Indo-European Origins: Language, Family Trees, Archaeology and Genetics
Half the world today speaks native languages that all belong to the same family: Indo-European. You are reading in one of these languages now: English is Indo-European — in other words, it is related, either closely or more distantly, to hundreds more languages from Iceland to Bengal. Over many thousands of years, these languages have grown far apart from each other, but all had started out as what was once the same single ancestor language, ‘Proto-Indo‑European’. By today, its panoply of daughter languages has changed and diverged so radically that little obvious is left of their once common origin, although surviving traces can still be heard in the numbers up to ten, for example, and some other basic words. To listen and compare these words across languages of the four main branches of Indo-European within Europe (i.e. Celtic, Romance, Germanic and Slavic), visit: soundcomparisons.com/Europe.
Linguistics was born with this realisation that all these languages, including also ancient Greek, Latin, Sanskrit and Avestan, are ultimately “sprung from some common source”. Over two centuries of research, linguists have been able to ‘reconstruct’ a great deal about the original Proto-Indo‑European language itself. But trying to pin down where and when it was spoken, deep in prehistory, has relied on inferences that are far less reliable and conclusive, and more subjective. In the 19th and early 20th centuries, ‘Aryan’ studies became mired in racist and supremacist ideologies, and fanciful, anachronistic visions of prehistory. The leading serious, realistic modern hypotheses are rooted above all in archaeology, and since 2015 ancient DNA has revolutionised our understanding of population expansions across Europe and parts of Asia, bringing us ever closer to a resolution of the Indo-European origins question.
Indo-European is still essentially a linguistic entity, however, so the direct data lie in the languages themselves. Can more can be made of them, though, with new computational tools?
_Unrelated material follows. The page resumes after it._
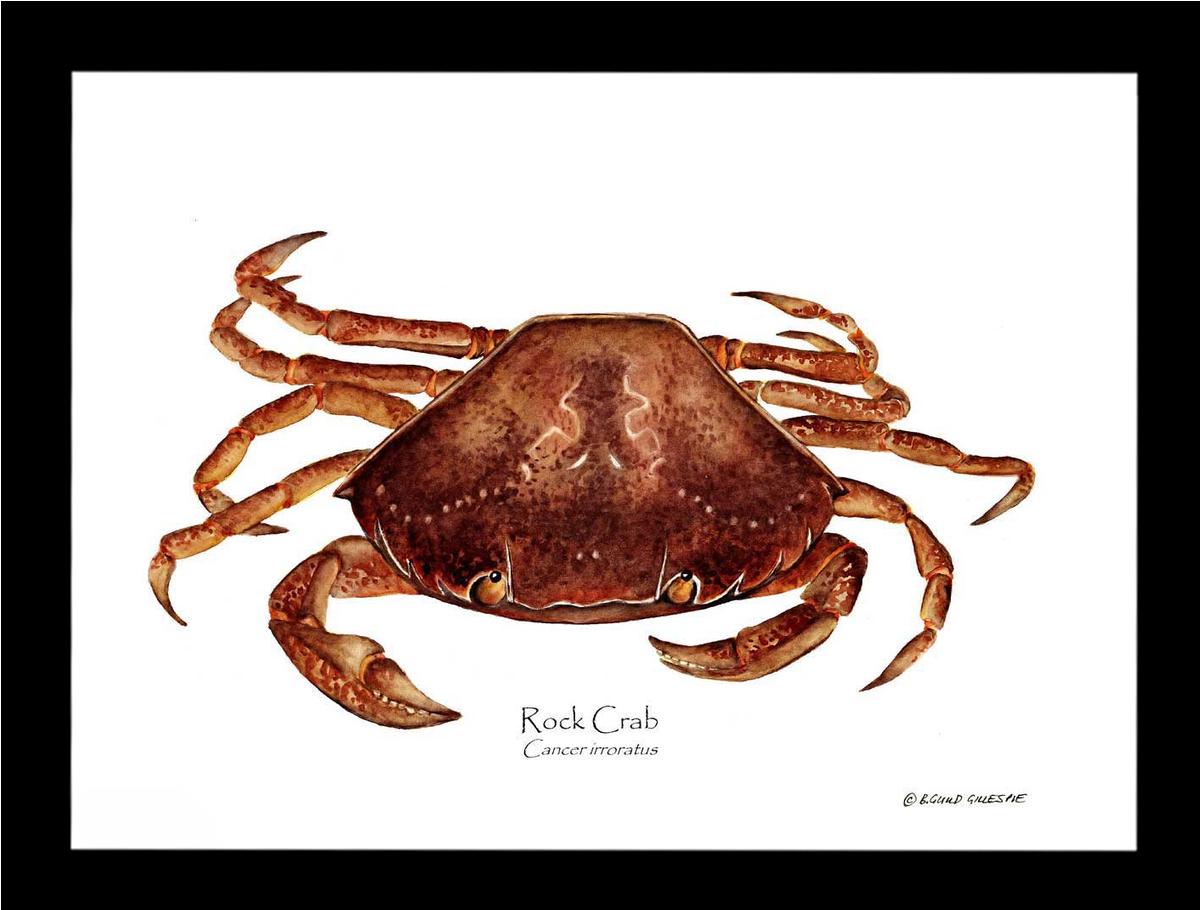 Crab, Rock | Wall Art Shellfish Print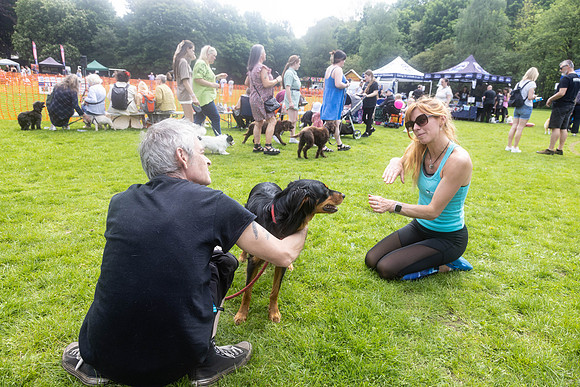 1649_HebdensHappyHounds2024_Cshaw-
Powerful software now exists for modelling the processes by which family tree structures can arise, and even estimating a timeframe for how they diverged. These tools were devised originally for modelling such ‘evolutionary’ processes in biology, but language families also come about by ‘descent with modification’, so in principle the same general approach should be viable.
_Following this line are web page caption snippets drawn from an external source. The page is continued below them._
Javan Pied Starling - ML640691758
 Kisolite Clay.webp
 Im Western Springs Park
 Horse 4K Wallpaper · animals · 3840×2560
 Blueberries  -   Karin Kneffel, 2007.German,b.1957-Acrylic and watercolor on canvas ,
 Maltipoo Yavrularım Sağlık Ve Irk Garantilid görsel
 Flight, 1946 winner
Nonetheless, when the latest ‘Bayesian phylogenetic modelling’ was first applied to Indo-European, different studies threw up conflicting results. On closer inspection (Heggarty 2021), those first results included obvious artefacts, and the cause could be traced back to how the basic language data used had been handled inconsistently, when they were encoded in binary terms as input to the phylogenetic modelling. A new methodology was needed, to create a completely new language database. One type of language data is particularly viable for these Bayesian phylogenetic analyses, and especially for estimating chronology: the patterns in how some ancient word roots (‘cognates’) survive or have shifted meaning, across the different branches of the Indo-European family. Over five years I led a team of over 90 language experts, with my co-editors Dr Cormac Anderson and Dr Matthew Scarborough, to create IE‑CoR, the new Indo-European Cognate Relationships database, published as nature.com/articles/s41597-025-05445-3 and free to explore online at iecor.clld.org.
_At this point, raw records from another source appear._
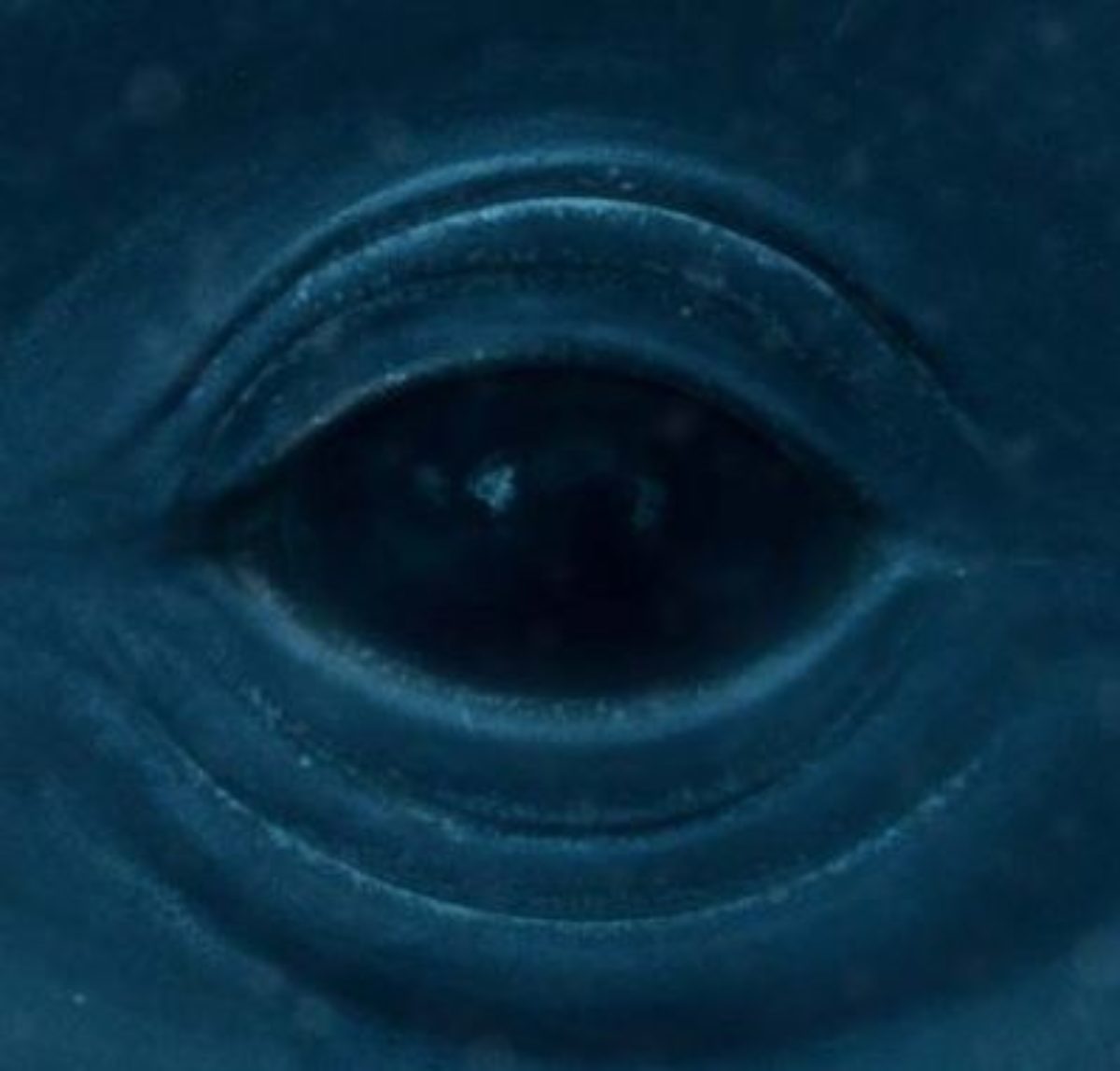 Глаз кита арт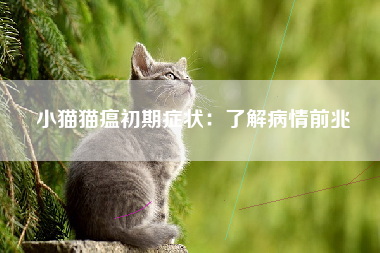 小猫猫瘟初期症状：了解病情前兆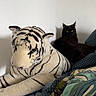 cat, plush_tiger, couch, pillows, blanket, indoor, black_cat, stuffed_animal, relaxing, home_decor, patterned, animal_toy, feline, cozy, soft, resting, cute, pet, comfort, living_room
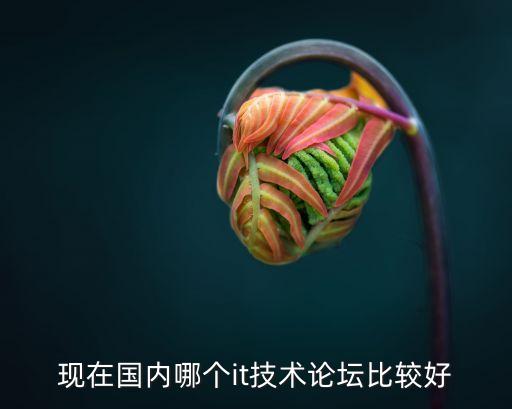 現(xiàn)在國內(nèi)哪個(gè)it技術(shù)論壇比較好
IE‑CoR was the input data to a new Bayesian phylogenetic analysis of the Indo-European family in Science (Heggarty et al. 2023). This returned a time estimate that Indo-European first began (spreading and) diverging just over 8000 years ago, and seven major branches had already emerged by c. 7000 years ago. This chronology, and the branching sequence of the tree, are not compatible with the predominant ‘Steppe hypothesis’ of Indo-European origins, but fit with archaeological and ancient DNA evidence into a more plausible overall scenario. The ultimate origins of all Indo-European lay south of the Caucasus, in the northern arc of the Fertile Crescent. The Steppe north of the Black Sea was a plausible later staging post, but only for some of the European branches of the family, and not for Indo-Iranic. See also Press.
This Science paper fits into my long focus on all aspects of the Indo-European origins question, on research methods both within historical linguistics, and in concert with archaeology and genetics, including:
-
Bayesian phylogenetic analysis, and how to apply it specifically to language.
-
Pitfalls and solutions for encoding comparative language data consistently, and in binary form, as input for quantitative and modelling applications.
-
How historical linguistics needs to engage with an up-to-date understanding of actual prehistory. Early processes of domestication and technologies, in particular, serve as a reality check on outdated, superficial inferences from traditional ‘linguistic palaeontology’ about the presumed roles of the horse, wheel, wagons, metals, crops, etc..
-
The farming/language dispersals hypothesis, often misunderstood and overstated, which underlay one of two major hypotheses on Indo-European origins.
-
The flaws in forcing interpretations of genetic data into a presumption of the Steppe hypothesis for Indo-European origins. In fact, ancient DNA results support a steppe origin as only secondary, and only for some branches in Europe, while for other crucial branches, not least Anatolian, Greek and Indo-Iranic, ancient DNA undermines a steppe homeland, and points elsewhere.